Harrelson and Theroux were already signed on when Mandel came on board, with Theroux telling THR he wanted Harrelson as his scene partner after meeting the True Detective actor while producing ABC’s Live in Front of a Studio Audience 2019 special featuring Harrelson. “On a wing and a prayer, we got a letter out to Mr. Harrelson and he responded,” said Theroux, speaking alongside his co-star, their self-titled bromance apparent. “To look at it from the lens of the burglars, I just found it fascinating,” added Harrelson.

The pair said they devoured any and all source material available, including video and audio recordings of Liddy as well as autobiographies and books written by Liddy and Hunt. “I was kind of slipping on source material to play with. And then I just had to grow out a mustache,” said Theroux. Harrelson said he was fascinated by what was going on with Hunt’s family, which ultimately includes tragedy. And the series, Mandel said, captures that tragic arc. “Structurally, the burglary itself is right in the middle, in episode three,” said the director (speaking before the May 2 writers strike). “So it’s that journey up, everyone is having fun and a good time and then: the horror, the horror.”

With the remaining episodes set to capture that downward ride, Harrelson and Theroux shared where they land on Hunt and Liddy now. “I found Howard Hunt absolutely reprehensible. I think he’s a terrible human. What he did. Politically, what he was involved in. And also, the way he mishandled his family. I don’t see anything great about him. At the time we were shooting it, of course I loved him, because you have to,” said Harrelson. Theroux, however, thinks Liddy got the ending he wanted: “Even when he gets sentenced to prison, he’s like: This is great, we’re taking a bullet for Nixon. He’s ecstatic. And he then went on to have an amazing radio career and taught self-defense and did the lecture circuit, and appeared on several episode of Miami Vice. I’m stunned by his career. He sort of embraced his infamy, and it ended up paying dividends for him.”

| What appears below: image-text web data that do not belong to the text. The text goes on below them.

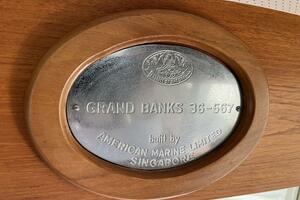 Cormorant 36ft Grand Banks Yacht For Sale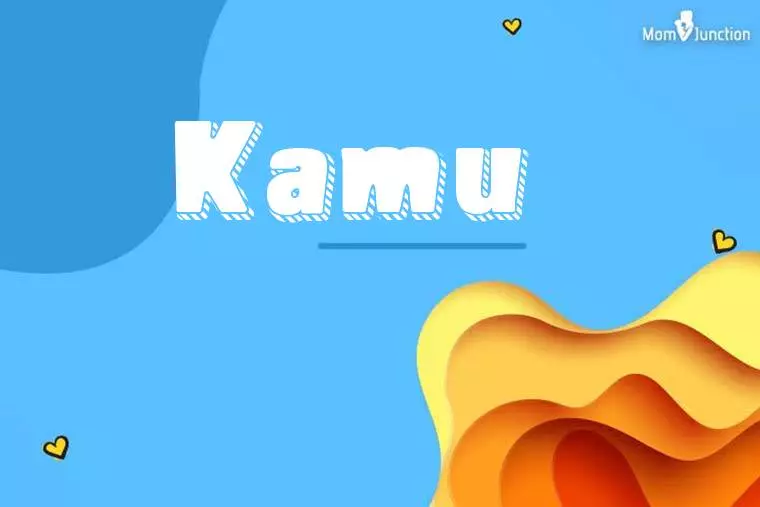 Kamu 3D Wallpaper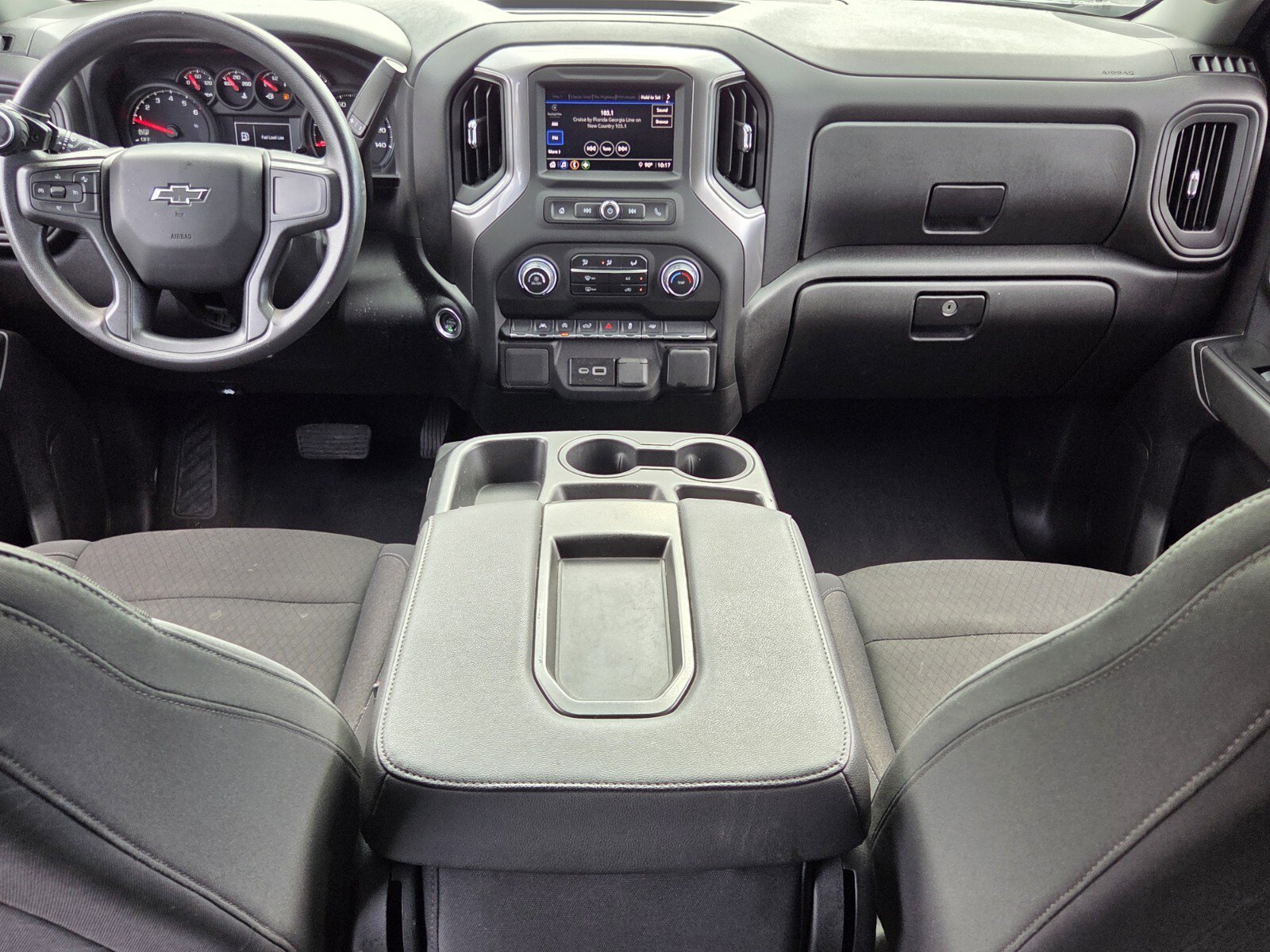 Certified 2025 Chevrolet Silverado 1500 Custom w/ Rally Edition RWD image 12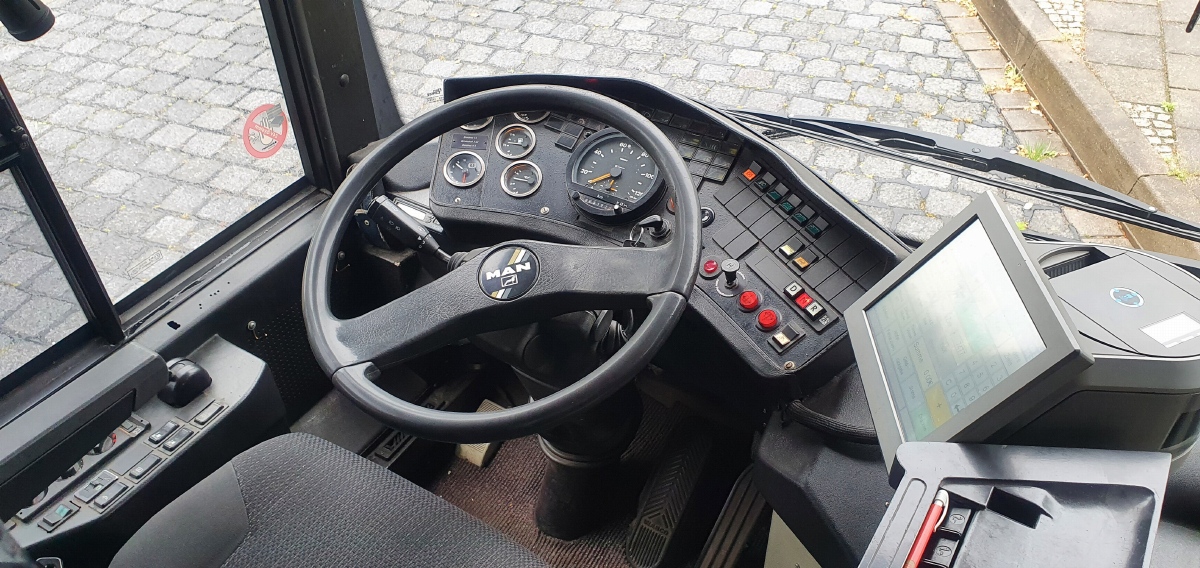 Мекленбург-Передняя Померания, Göppel (MAN A66 NM223) № MÜR-PV 43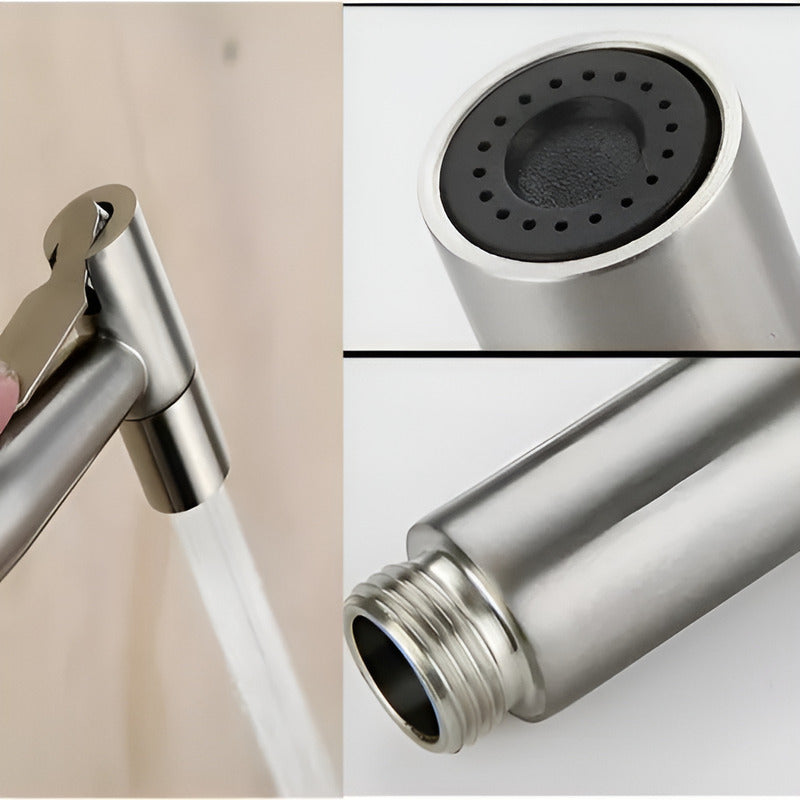 Kit De Ducha Telefono Bidet Para Baño Con Llave De Arresto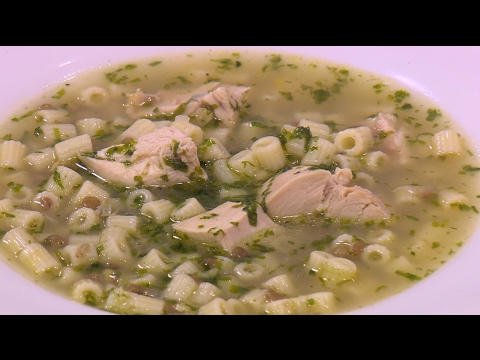 بالفيديو طريقة إعداد ومقادير الرشتة بالدجاج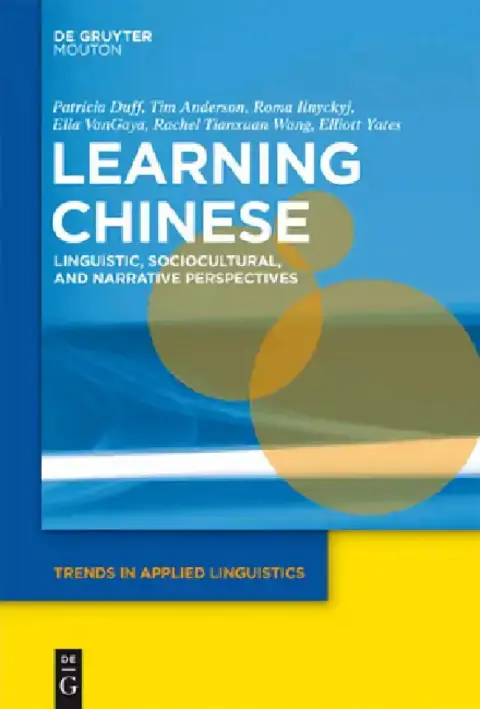 Cover of Learning Chinese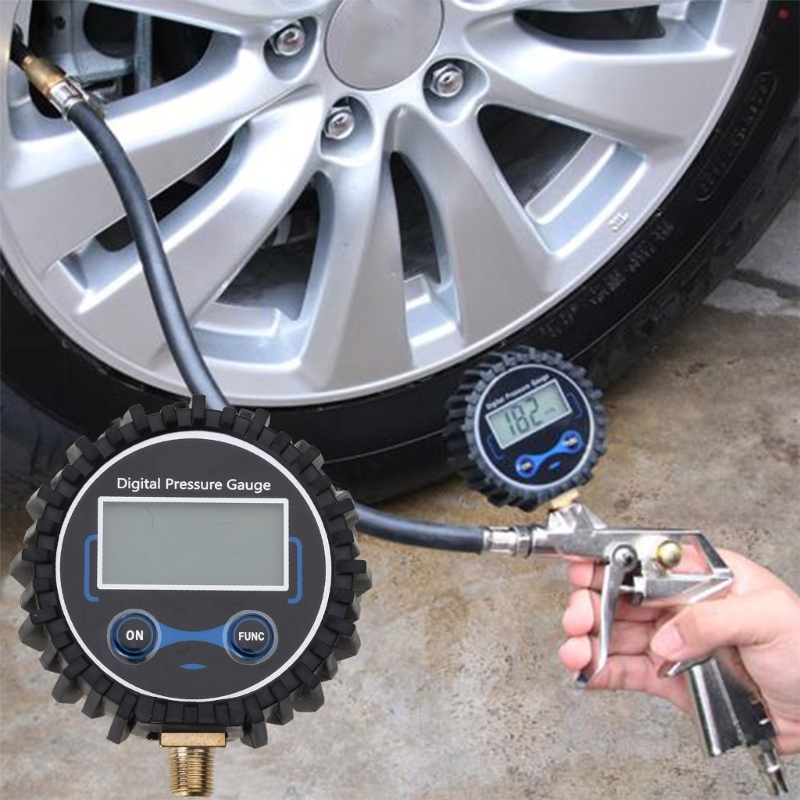 1/8 NPT Digital Tire Pressure  - Car Accessories Under 200 ulasan dan harga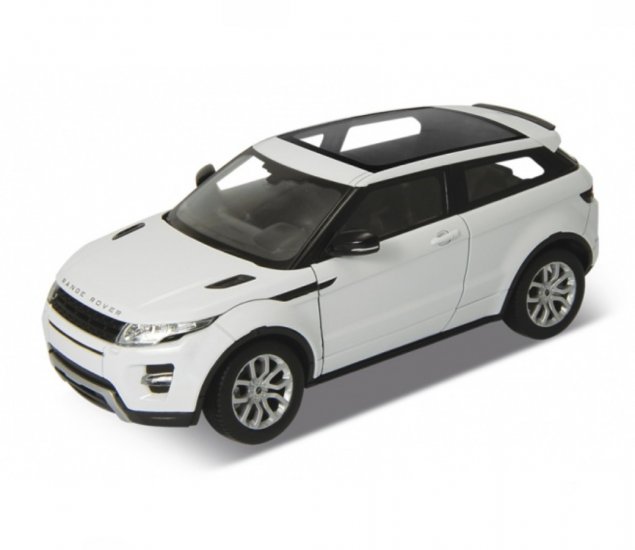 LAND ROVER RANGE ROVER EVOQUE - 1:24 (White) WL24021W - Click Image to Close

Below, Mandel spoke to THR about how Veep led him to Plumbers, what it was like directing that Hitler scene that helped set the series’ tone and why this moment in history remains relevant as ever in 2023.

So, you left the White House with Veep and then decided to break back in with White House Plumbers. Why did you want to jump into this project next?

It wasn’t planned, let me start there. And maybe if you had asked me, I would have said I’m looking for something else. But the true-life story, the Watergate story, allowed me in some ways to do the thing that on Veep we were sometimes making up our own versions of. We were always on Veep talking about power and the proximity to power and, what would you do to keep the power? And this was the real-world example. Not that Veep was a parody of Watergate, but Veep was always riffing on things like Nixon and Watergate. There are Veep scripts with Selina [Meyer, played by Louis-Dreyfus] in the middle of the night talking to Amy [Anna Chlumsky] about who called her the C-word where in the script it says, “Looking very Nixonian in the middle of the night.” In some ways, I had no choice but to tell this story.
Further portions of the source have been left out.